The shared E-scooter service, integrating GPS, IoT, and API technologies, offers a convenient, flexible, and eco-friendly alternative to private vehicles for short trips, promoting public transportation usage and reducing carbon emissions. Its rapid growth in the U.S. necessitates real-time demand forecasting for efficient urban planning, fleet management, and maintenance to balance supply and demand effectively.

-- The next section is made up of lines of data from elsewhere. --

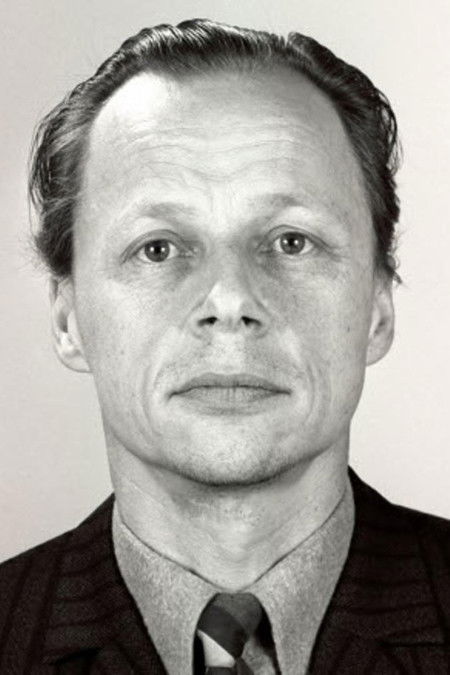 Maunu Kurkvaara as (uncredited)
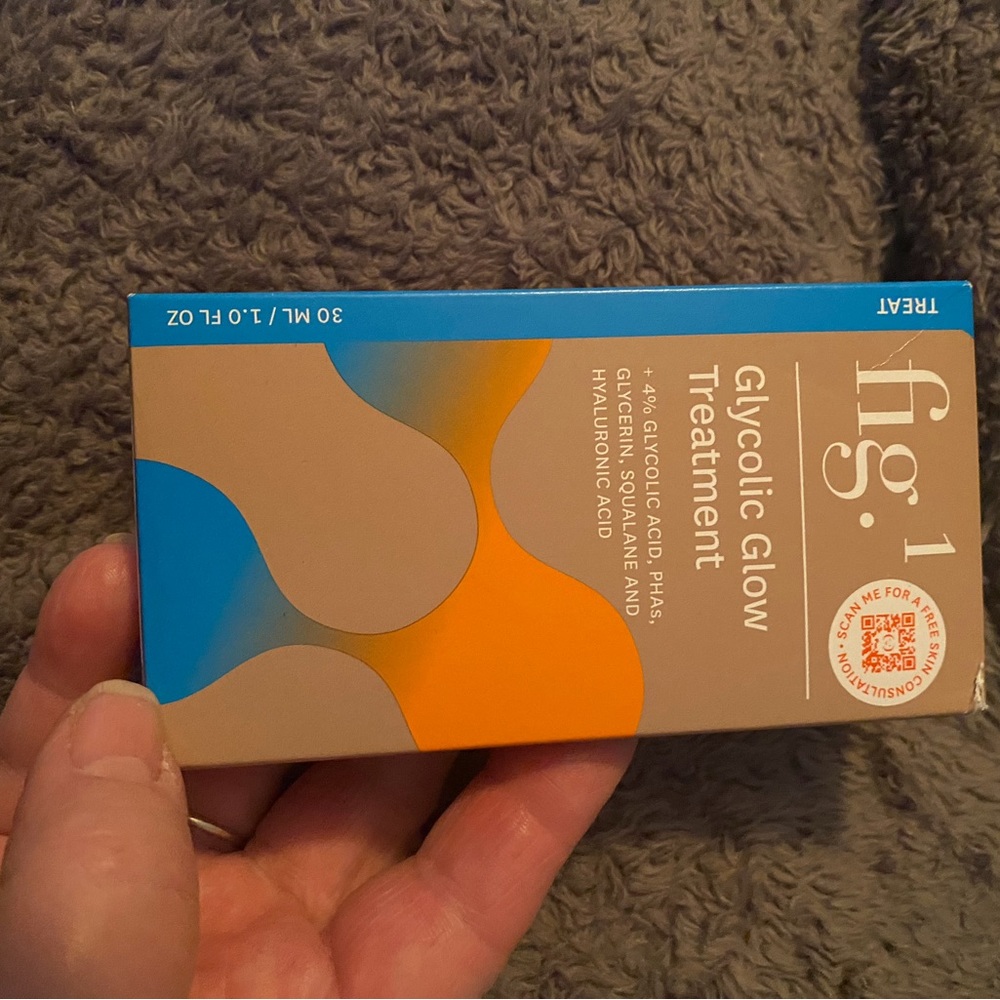 Fig.1 glycolic glow treatment.  New in box
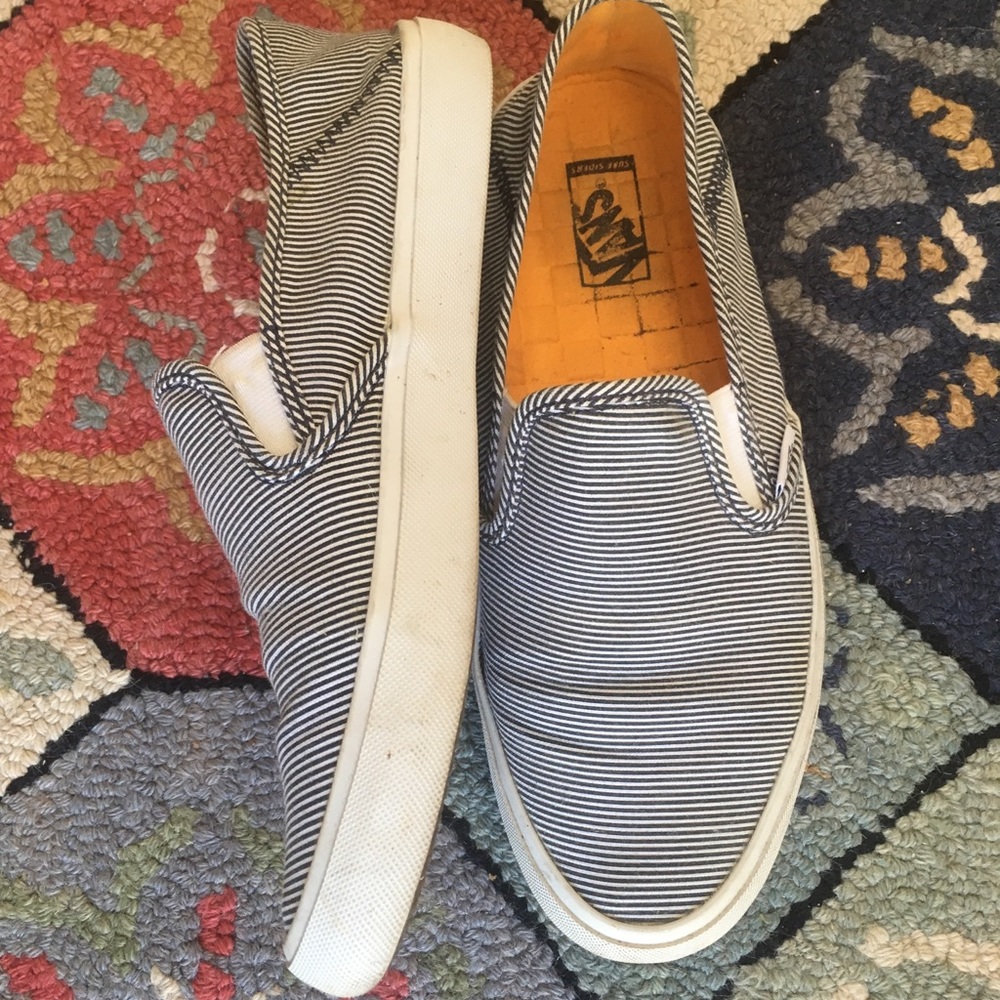 Slip on Vans sz 7.5 black and white striped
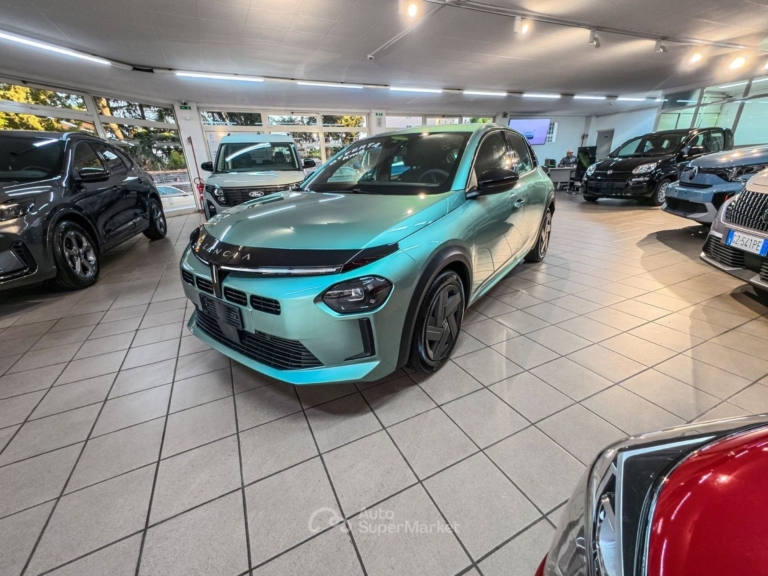 Lancia Ypsilon e-DCT Hybrid e-DCT 2026 Verde — foto 1 di 20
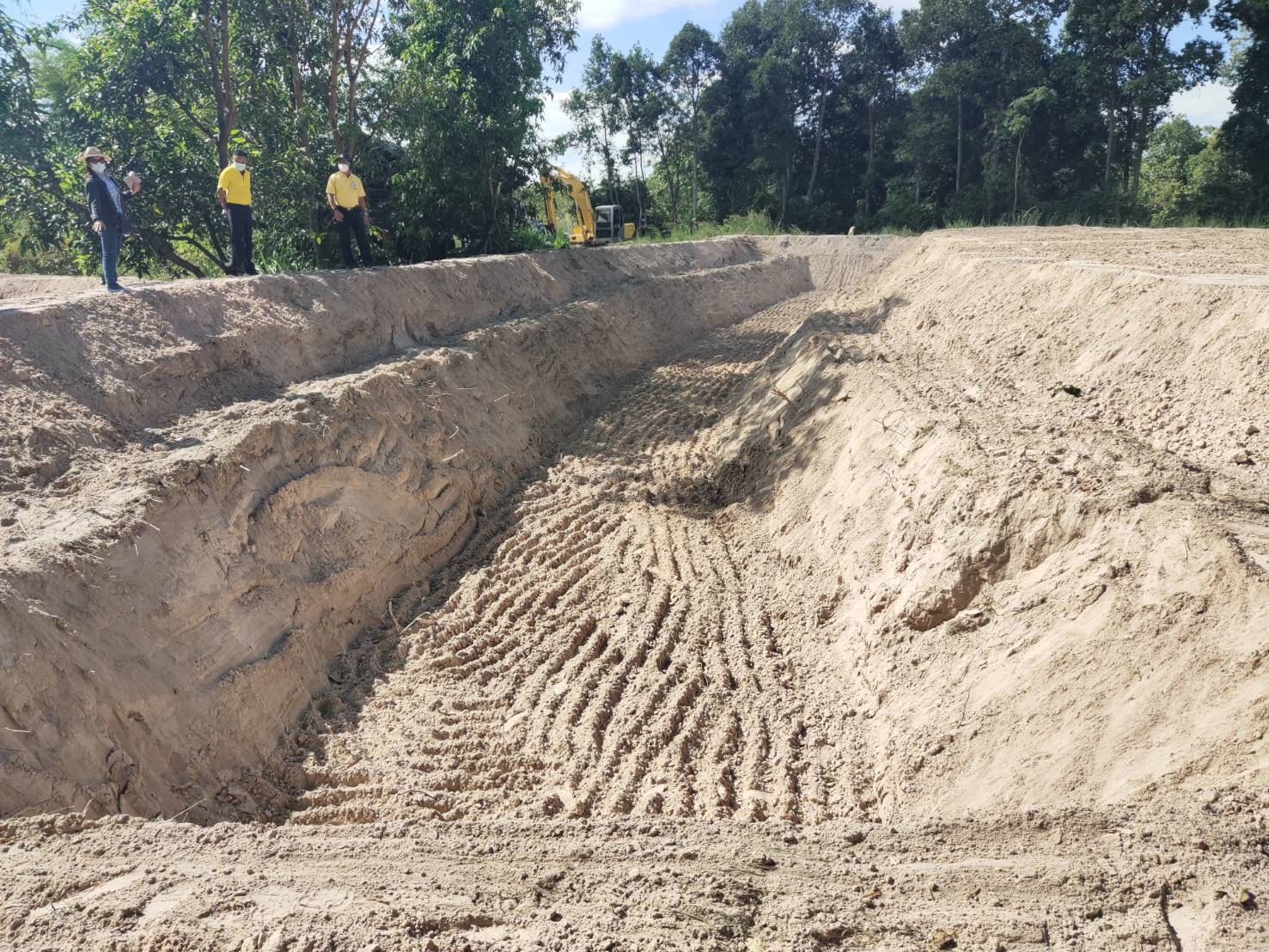 พช.ยโสธร  ติดตามให้กำลังใจ ต้นแบบการพัฒนาคุณภาพชีวิตตามหลักทฤษฎีใหม่ประยุกต์สู่ “โคก หนอง นา ” เพื่อพลิกฟื้นความยั่งยืนสู่ชุมชน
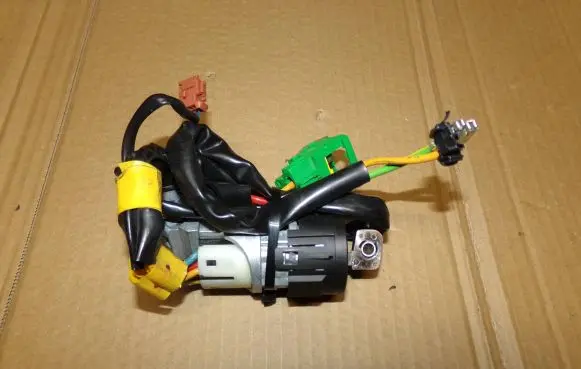 Peugeot 1007 Ignition lock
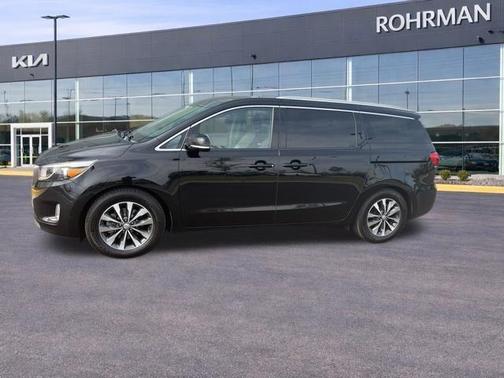 Aurora Black Pearl 2016 Kia Sedona SX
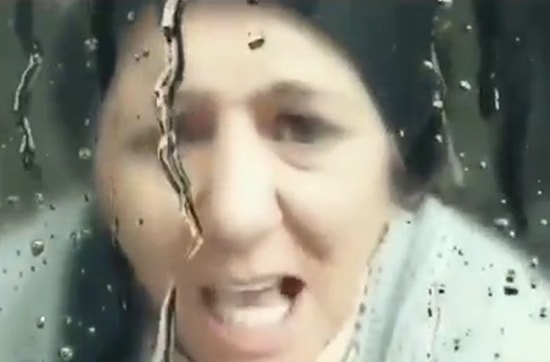 Kullandığı Efekt ile Telefonunun İçinden Su Akıtan Gencin Annesini Kandırdığı Efsane Görüntüler!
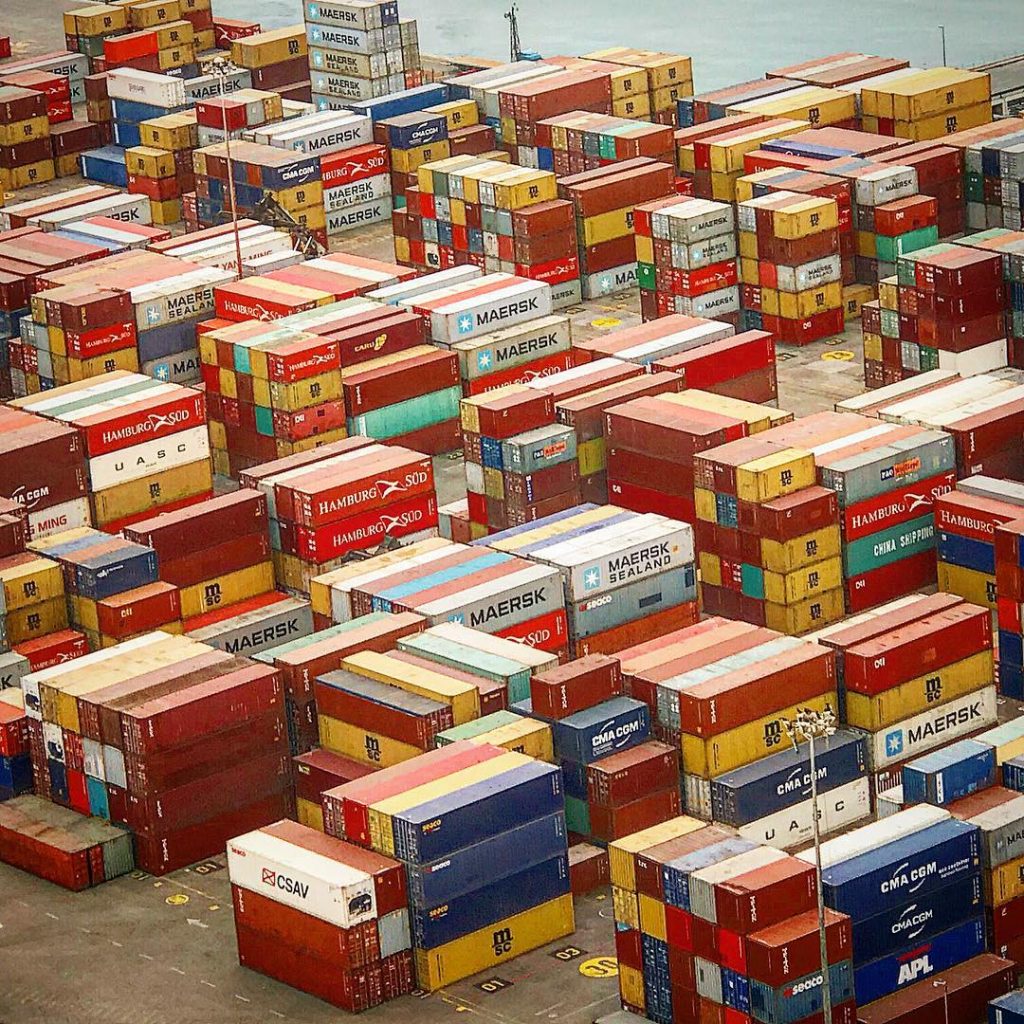 Port of Arica – Chile ???????? #containers #merchantships #aricachile #shippingcontainer #shippingworldwide #lovechile #followｍe #picoftheday&hellip;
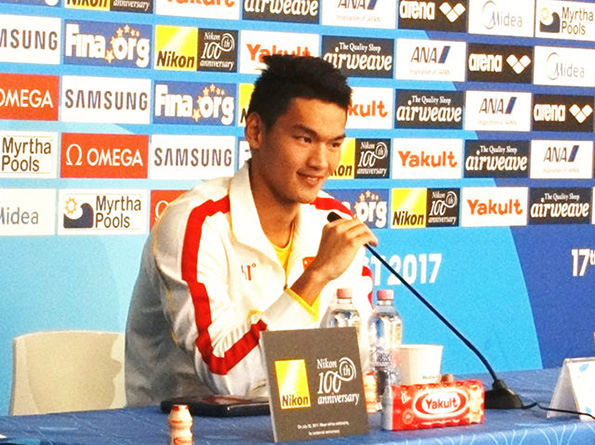 直击｜徐嘉余孙杨相拥痛哭：杨哥，以后我和你一起“扛把子”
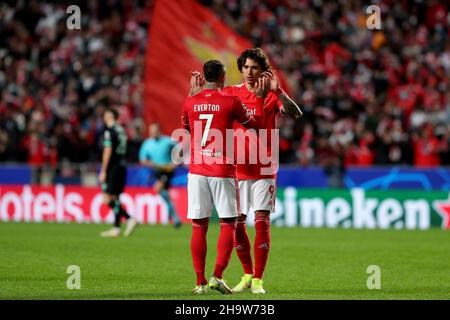 Lissabon, Portugal. 8th Dez 2021. Darwin Nunez von SL Benfica (R ) feiert mit Everton am Ende des UEFA Champions League-Fußballspiels der Gruppe E zwischen SL Benfica und Dynamo Kiew am 8. Dezember 2021 im Luz-Stadion in Lissabon, Portugal. (Bild: © Pedro Fiuza/ZUMA Press Wire) Stockfoto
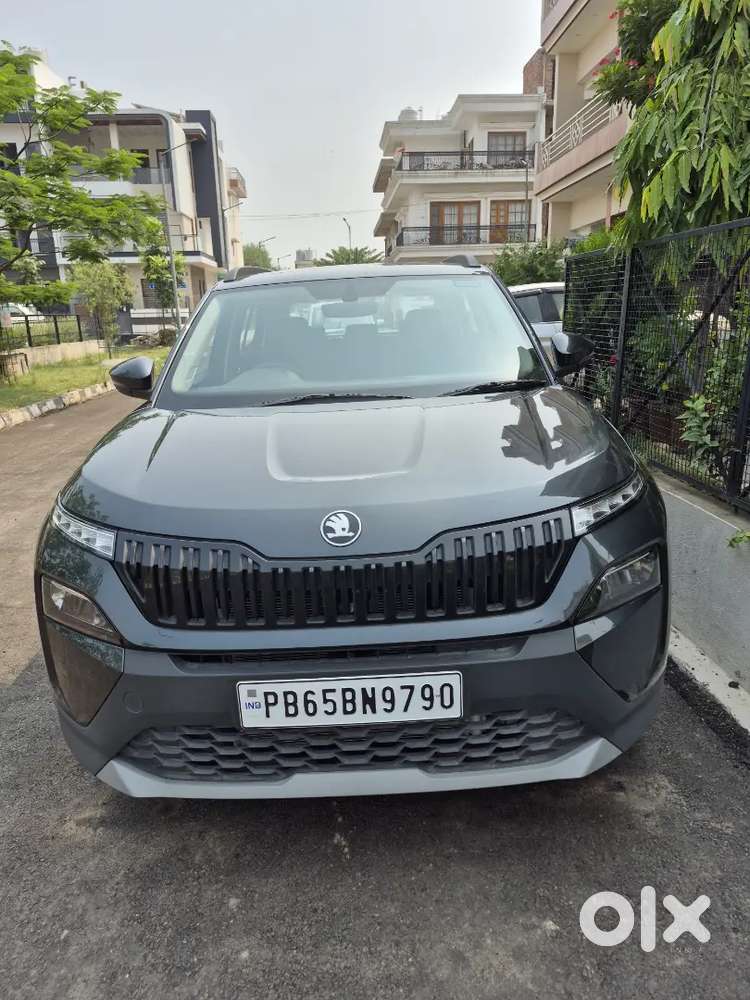 Skoda Kylaq Signature At 2026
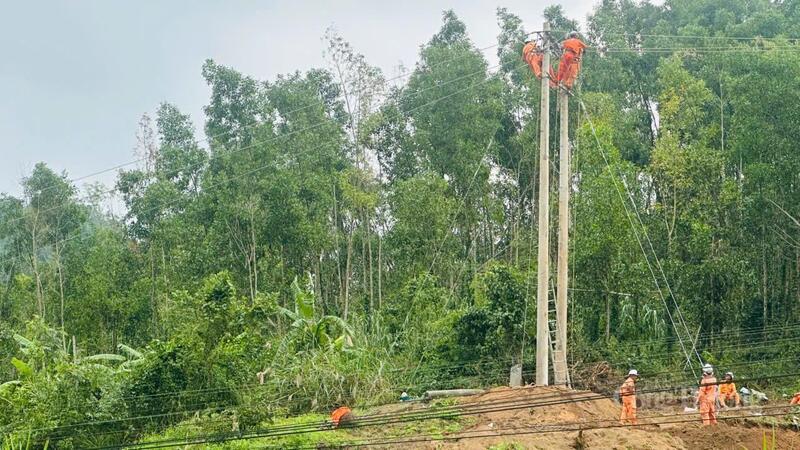Công tác khắc phục sự cố đường dây điện hư hỏng do bão đang được triển khai nhanh chóng. Ảnh: Hồng Hoa
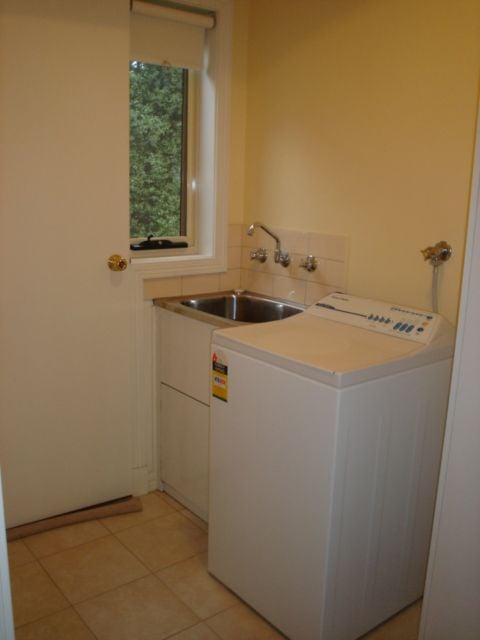 Conveinent Two Bedroom Unit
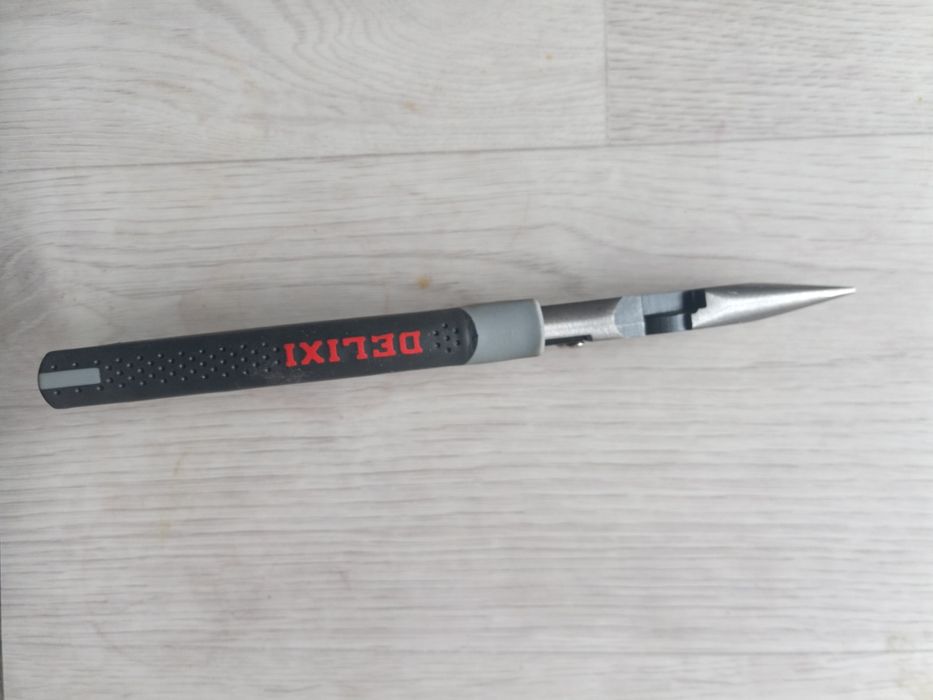 Универсальные круглогубцы.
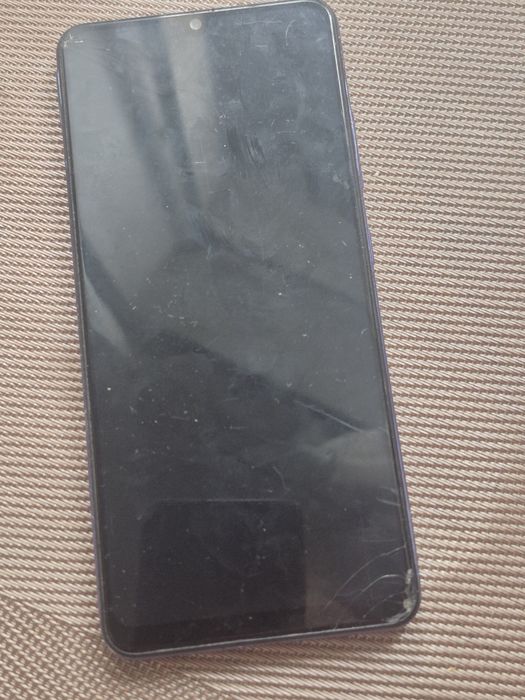 Samsung Galaxy A32 разбитый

E-scooter demand prediction challenges

  • spatial-temporal trip demands with extreme sparsity and imbalance
  • difficult in predicting complexity and heterogeneity
  • lack of a more systematic integration of the correlations between various factors and the expression of urban complexity

Contributions

  • recluster spatial data and implement fusion loss functions with a loss penalty to mitigate trip demand accuracy deterioration due to demand sparsity and imbalance
  • to simulate the relationship between urban complexity and shared e-scooter trip demands, different aspects are incorporated into the graph representation - i.e. built environments, weather conditions, periodic features
  • building upon DCRNN a model that outperforms other benchmark models is proposed

Related work

Multivariate statistical analysis and regression for shared E-scooter usage correlation

Data-driven approaches analyzed correlations between ridership and various factors, including built environments, weather conditions, and periodic features, across different cities. Key findings include population density and education levels positively impacting E-scooter trips, city center proximity and high street density increasing ridership, and varying land use types influencing usage differently. Additionally, weather conditions significantly reduce trip frequency, and trip patterns vary between weekdays and holidays. Despite these insights, real-time accurate predictions for local subareas are still lacking, with deep learning models proposed as a potential solution.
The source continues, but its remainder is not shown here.